## The data
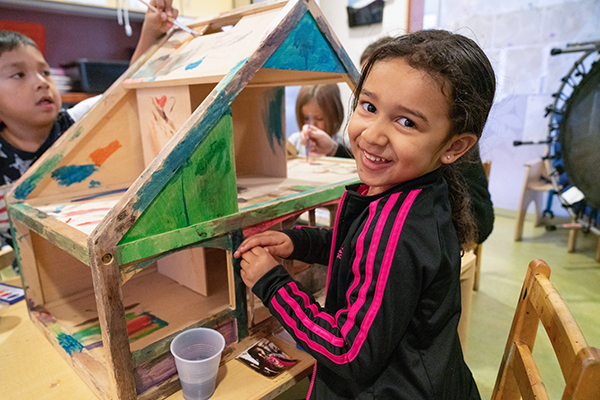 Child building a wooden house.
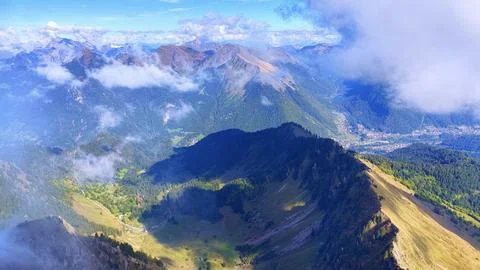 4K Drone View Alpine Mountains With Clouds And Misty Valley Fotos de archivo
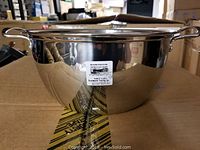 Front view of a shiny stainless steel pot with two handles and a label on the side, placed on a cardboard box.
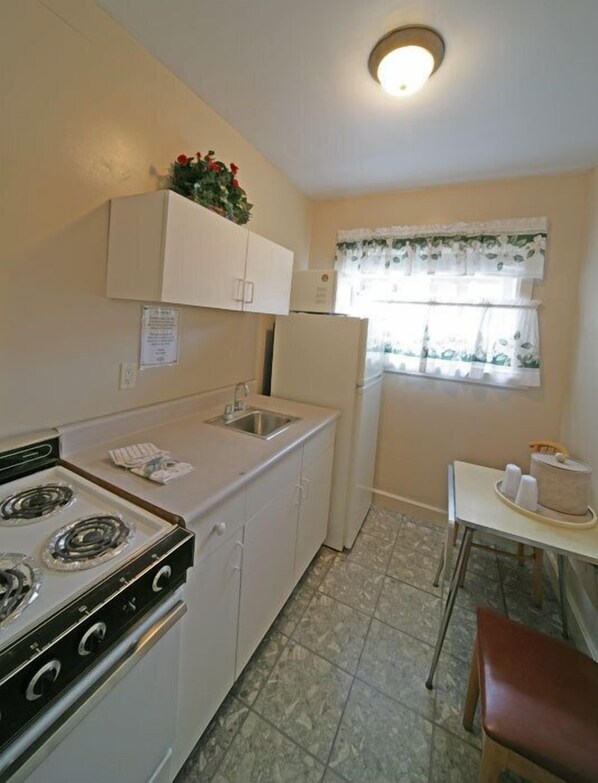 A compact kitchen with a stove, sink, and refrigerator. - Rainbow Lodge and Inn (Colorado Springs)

## Aim of the exercise
Every line of the material must be returned verbatim, and pictures must be left behind.

## Written answer
 Child building a wooden house.
 4K Drone View Alpine Mountains With Clouds And Misty Valley Fotos de archivo
 Front view of a shiny stainless steel pot with two handles and a label on the side, placed on a cardboard box.
 A compact kitchen with a stove, sink, and refrigerator. - Rainbow Lodge and Inn (Colorado Springs)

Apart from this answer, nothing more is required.